Since the incident light is unpolarized, it consists of an equal combination of all possible orientations of polarization. Therefore, when the unpolarized light passes through the first filter, half of the intensity will be blocked because it is perpendicular to the transmission axis, and the other half will pass through because it is parallel to the transmission axis.

So, the percentage of incident light that passes through the first filter is 50%.

(ii) If no sample is present, the second filter, called the polarizer, is positioned after the sample region. As the second filter is oriented at right angles to the first filter, it will block all light that passed through the first filter, since the first filter only allows light polarized parallel to its transmission axis to pass through.

Therefore, if no sample is present, none of the initial light will pass through the second filter, resulting in 0% transmission.

(iii) When the sample is placed between the two filters, the intensity of light emerging from the second filter is 40% of the incident intensity. This reduction in intensity suggests that the sample has rotated the plane of polarization of the incident light.

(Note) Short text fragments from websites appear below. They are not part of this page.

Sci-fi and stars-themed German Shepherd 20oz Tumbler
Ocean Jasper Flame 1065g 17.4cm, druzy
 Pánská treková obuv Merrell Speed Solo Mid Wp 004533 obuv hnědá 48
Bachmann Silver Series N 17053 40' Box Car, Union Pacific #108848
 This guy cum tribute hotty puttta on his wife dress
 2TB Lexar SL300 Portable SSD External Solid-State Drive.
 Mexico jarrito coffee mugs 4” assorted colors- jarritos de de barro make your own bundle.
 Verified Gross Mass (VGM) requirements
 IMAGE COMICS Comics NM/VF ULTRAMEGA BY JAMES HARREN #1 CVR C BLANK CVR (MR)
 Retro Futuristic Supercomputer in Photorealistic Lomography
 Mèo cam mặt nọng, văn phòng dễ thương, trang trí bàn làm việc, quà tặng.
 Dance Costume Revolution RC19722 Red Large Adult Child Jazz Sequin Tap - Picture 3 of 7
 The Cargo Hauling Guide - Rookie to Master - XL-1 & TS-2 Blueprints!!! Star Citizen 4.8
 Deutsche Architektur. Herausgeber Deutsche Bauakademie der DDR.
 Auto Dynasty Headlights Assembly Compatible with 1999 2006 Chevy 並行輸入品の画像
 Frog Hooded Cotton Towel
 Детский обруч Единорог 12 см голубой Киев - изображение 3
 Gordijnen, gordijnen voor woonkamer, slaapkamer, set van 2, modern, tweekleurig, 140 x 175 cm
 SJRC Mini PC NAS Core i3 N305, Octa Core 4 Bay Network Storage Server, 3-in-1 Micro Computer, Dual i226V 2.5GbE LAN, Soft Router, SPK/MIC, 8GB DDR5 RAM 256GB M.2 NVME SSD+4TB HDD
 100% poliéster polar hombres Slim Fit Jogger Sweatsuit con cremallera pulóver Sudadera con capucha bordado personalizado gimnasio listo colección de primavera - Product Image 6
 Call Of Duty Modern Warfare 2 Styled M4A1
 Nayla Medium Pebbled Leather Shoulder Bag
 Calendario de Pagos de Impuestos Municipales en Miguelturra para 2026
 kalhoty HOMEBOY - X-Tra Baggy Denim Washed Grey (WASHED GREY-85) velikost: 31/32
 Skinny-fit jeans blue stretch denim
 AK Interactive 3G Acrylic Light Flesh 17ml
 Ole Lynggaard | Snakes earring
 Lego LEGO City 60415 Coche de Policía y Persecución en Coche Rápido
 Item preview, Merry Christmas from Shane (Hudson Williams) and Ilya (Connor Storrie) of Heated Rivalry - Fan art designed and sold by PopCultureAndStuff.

Since the intensity of transmitted light is proportional to the concentration of the molecule and the rotation angle, we can set up the following equation:

Intensity of transmitted light = Incident intensity * Concentration * Rotation angle

In this case, the intensity of light emerging from the second filter is 40% (or 0.40) of the incident intensity, which leads to the equation:

0.40 = 1.00 * Concentration * Rotation angle

Simplifying the equation, we find that the sample has rotated the plane of polarization by an angle equal to 0.40 / Concentration.

(iv) If a second sample with half the sugar concentration of the first sample is placed between the filters, we can determine the intensity of light emerging from the second filter using the same equation as before:

Intensity of transmitted light = Incident intensity * Concentration * Rotation angle

Let's denote the concentration of the second sample as C, which is half of the concentration of the first sample. So, the concentration of the second sample is 0.5 * Concentration.

Plugging this into the equation, we have:

Intensity of transmitted light = 1.00 * (0.5 * Concentration) * Rotation angle

Simplifying further, we find that the intensity of light emerging from the second filter in this case is 0.5 times the intensity of light when the first sample was present. Therefore, the intensity of light emerging from the second filter will be 0.5 * 40% = 20% of the incident intensity.